## TASK OBJECTIVE
Find every line below that contains the word "floral" and copy it out.

[Start of section]

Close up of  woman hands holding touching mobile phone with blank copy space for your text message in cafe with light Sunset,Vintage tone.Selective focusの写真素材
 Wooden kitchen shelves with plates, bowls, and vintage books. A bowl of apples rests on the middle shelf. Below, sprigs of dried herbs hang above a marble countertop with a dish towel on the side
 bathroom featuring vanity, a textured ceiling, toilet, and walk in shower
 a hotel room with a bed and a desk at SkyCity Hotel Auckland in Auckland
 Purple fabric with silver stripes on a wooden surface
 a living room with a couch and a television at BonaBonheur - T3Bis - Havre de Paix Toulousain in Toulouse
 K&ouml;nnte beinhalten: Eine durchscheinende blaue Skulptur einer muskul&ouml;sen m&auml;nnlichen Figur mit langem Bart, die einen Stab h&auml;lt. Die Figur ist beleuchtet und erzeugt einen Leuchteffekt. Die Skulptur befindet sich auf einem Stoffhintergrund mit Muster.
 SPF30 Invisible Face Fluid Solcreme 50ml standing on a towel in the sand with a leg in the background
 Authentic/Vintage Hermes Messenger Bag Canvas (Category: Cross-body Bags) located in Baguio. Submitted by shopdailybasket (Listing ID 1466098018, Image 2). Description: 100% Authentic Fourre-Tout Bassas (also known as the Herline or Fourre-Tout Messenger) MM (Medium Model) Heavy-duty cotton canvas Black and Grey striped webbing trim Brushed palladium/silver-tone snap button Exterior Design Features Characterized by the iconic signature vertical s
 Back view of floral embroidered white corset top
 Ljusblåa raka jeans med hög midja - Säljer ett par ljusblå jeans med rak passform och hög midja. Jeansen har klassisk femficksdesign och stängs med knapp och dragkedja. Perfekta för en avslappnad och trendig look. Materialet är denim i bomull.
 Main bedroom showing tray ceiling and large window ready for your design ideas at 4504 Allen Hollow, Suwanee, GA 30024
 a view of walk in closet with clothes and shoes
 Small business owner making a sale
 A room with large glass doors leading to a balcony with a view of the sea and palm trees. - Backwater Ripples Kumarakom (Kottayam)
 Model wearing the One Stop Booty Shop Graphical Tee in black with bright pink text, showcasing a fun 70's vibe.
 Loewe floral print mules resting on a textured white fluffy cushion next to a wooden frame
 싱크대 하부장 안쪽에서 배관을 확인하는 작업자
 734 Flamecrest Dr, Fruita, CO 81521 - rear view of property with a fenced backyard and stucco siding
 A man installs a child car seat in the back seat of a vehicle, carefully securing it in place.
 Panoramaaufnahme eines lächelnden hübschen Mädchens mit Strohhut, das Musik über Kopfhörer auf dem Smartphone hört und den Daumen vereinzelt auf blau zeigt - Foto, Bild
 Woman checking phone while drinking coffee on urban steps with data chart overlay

[End of section]

## ANSWER BELOW
 Back view of floral embroidered white corset top
 Loewe floral print mules resting on a textured white fluffy cushion next to a wooden frame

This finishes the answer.